African farmers, exporters missing out on cashew wealth opportunities, UNCTAD reports
April 19, 2021419 views0 comments
Africa produces more than half of the world’s raw cashews but the continent has been unable to leverage on its processing capacity due to its negligible number of industries, missing out on opportunities offered by rising global demand.
This assertion was made by the United Nations Conference on Trade and Development (UNCTAD) in a recent report titled: Commodities at a Glance: Special issue on cashew nuts.
In the report, UNCTAD noted that the leading cashew producing countries of African rarely process the crop at a significant scale,retaining only a small share of the value created as the nut travels from the farm to store.
“About 90 per cent of the raw cashew nuts traded in the global market are grown in western and eastern African nations. After Côte d’Ivoire, the leading cashew producers are Tanzania, Nigeria, Benin, Guinea-Bissau, Mozambique and Ghana,” UNCTAD confirmed.

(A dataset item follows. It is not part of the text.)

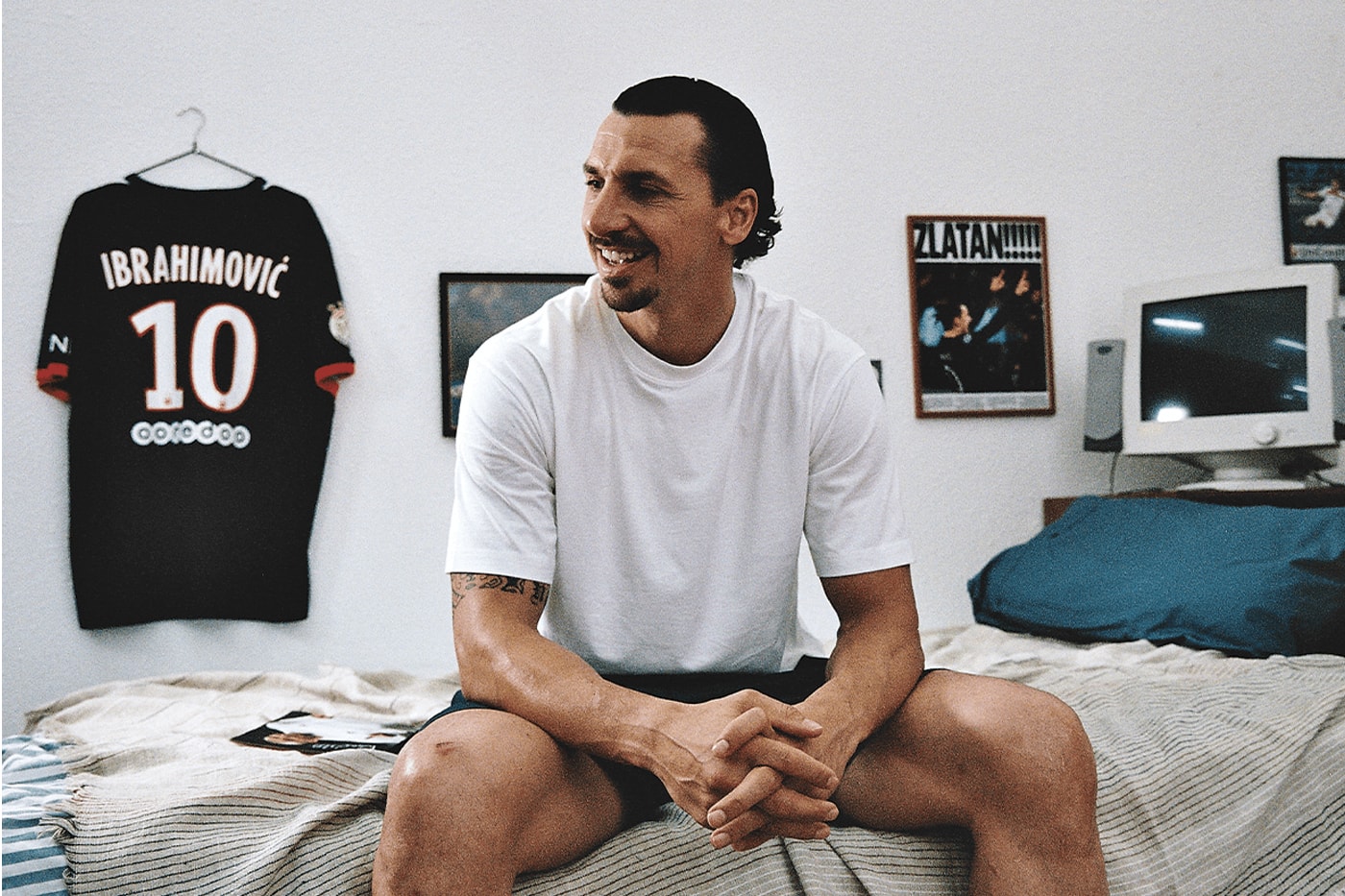 Zlatan Ibrahimović FC 26 Cover Interview video game football soccer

The report further averred that between 2000 and 2018, world trade in raw cashew nuts more than doubled to 2.1 billion kilograms with African producers led by Côte d’Ivoire accounting for almost two-thirds of the growth but the continent’s farmers and exporters receive only a fraction of the final retail price. the report said, highlighting
Reacting to the state of Africa’s cashew production and trade, Miho Shirotori,head of trade negotiations and commercial diplomacy remarked that irrespective of the fact that cashews are a source of income for an estimated three million smallholder farmers in Africa, African farmers, exporters and workers are missing out on a wealth of opportunities resulting in the market being dominated by Europe and North America where 60 per cent of traded kernels are roasted, salted, packaged for final consumption, thereby adding more value to the commodity and generate more wealth in the cashew value chain compared to African farmers/producers.
The UNCTAD report called for a policy environment in Africa that enables cashew processors to operate with competitive transformation costs and facilitate access to the main export markets.
It also recommended policies that would strengthen African countries’ productive capacities which include; ensuring farmers have access to quality seedlings and technological know-how, increasing training for farmers on entrepreneurship and farm management, supporting research that helps identify agricultural practices and technologies that work best in local environmental conditions and improving rural infrastructure.
The report stressed that the traceability, transparency and sustainability of food supply chains is becoming increasingly important for consumers and suppliers globally, highlighting that this could benefit African processors who source their nuts locally rather than through long supply chains.